Living Archive project team in Ngukurr May 2023

Currently (late May 2023), members of the Living Archive of Aboriginal Art and Knowledge project are visiting Ngukurr to work with, share knowledge and learn together with Ngukurr artists and community members about their Country and culture through creative practices. Mitch Mahoney (Boowurrung/Barkindji), his mother Kerri Clarke (Boonwurrung/Wemba Wemba), and Mitch’s dad, Wade Mahoney (Barkindji), took an unmarked possum skin cloak to Ngukurr. The cloak was sewn by Newcastle High School students last year (2022) – who were guided by Kerri Clarke to learn the possum skin cloak technique, which is traditionally connected to southeast Australian Aboriginal people and their culture. At the same time the young people also learnt about Ngukurr activist Dexter Daniels, who visited Newcastle in the 1960-70s to gain support from trade unions, university students and others for land rights and equal pay for Aboriginal people. The cloak from Newcastle was unmarked and is now in Ngukurr, where stories are being exchanged between Mitch and his family and the Ngukurr community, as they work out designs to be burnt on the cloak that will represent the knowledge exchange and interconnections between Aboriginal people in the south and those in the north. Already Mitch and his family have shared their stories about their Country, including their connections to the rivers in their Country, while Ngukurr artists, Karen Rogers and her family, including Daphne Daniels (Dexter’s great niece) have shared stories about their Country. It is anticipated over the next few days that the cloak story/design will evolve to reveal how Indigenous knowledge systems through art-making can transmit vital information about caring for Country, Aboriginal histories and cultural practices, while forging new and ongoing relationships between people from two diverse regions of Australia. Stay tuned for more as we work on creating the cloak as a Living Archive…

Written by Fran Edmonds

Mitch sharing knowledge of making string from kangaroo sinew with Robin Rogers at the Ngukurr Arts Centre.
Mitch, Kerri Clarke, Karen Rogers and Robin Rogers learning about making string from Kangaroo sinew from Mitch.

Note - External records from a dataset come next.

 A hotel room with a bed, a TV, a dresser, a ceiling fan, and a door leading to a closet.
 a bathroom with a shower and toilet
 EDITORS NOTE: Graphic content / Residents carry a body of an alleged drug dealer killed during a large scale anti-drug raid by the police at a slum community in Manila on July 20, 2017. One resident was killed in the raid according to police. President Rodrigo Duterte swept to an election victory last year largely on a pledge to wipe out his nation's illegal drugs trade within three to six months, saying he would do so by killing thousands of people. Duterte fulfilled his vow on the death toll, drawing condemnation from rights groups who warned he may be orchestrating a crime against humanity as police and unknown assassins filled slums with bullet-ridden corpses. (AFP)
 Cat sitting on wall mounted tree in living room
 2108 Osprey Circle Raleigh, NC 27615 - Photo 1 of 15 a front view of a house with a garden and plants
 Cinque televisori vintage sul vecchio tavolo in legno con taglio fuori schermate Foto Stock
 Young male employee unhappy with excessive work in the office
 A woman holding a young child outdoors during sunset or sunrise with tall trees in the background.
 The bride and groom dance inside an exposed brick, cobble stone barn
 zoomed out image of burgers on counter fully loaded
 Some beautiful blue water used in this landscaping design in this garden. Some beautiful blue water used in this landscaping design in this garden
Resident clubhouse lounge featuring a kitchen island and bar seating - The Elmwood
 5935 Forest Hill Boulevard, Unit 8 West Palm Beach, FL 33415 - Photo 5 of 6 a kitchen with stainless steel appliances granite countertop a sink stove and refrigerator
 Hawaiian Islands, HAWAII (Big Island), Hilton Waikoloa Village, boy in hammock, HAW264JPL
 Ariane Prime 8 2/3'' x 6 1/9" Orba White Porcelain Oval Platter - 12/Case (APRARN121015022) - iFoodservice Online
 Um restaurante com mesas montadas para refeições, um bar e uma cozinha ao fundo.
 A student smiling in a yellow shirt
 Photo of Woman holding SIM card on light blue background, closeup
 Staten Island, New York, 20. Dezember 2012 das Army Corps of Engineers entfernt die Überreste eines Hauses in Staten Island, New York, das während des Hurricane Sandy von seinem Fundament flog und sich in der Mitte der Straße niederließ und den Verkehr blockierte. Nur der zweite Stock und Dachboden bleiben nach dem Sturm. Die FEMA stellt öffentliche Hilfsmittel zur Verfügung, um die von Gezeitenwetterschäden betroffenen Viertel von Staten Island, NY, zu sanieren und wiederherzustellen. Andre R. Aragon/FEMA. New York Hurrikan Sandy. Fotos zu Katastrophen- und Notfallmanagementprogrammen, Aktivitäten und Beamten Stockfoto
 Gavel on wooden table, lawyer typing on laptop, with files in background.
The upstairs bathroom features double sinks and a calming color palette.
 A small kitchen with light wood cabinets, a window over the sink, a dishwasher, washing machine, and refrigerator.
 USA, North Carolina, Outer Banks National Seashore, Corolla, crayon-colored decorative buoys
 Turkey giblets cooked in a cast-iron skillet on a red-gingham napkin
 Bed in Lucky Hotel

Kevin Rogers explaining Ngukurr moiety system to Kerri and Mitch, including how they govern the way people are connected to Country and kin.
Karen Rogers sharing story of her son, Ernest Rogers jnr’s drawings of bush foods to be transferred to stencils as screen print designs.
Karen, Holly (acting manager Ngukurr Arts Centre) and Mitch in the screen printing ‘donga’ where multiple T-shirts and Tee towels are screen printed with designs by the Ngukurr artists.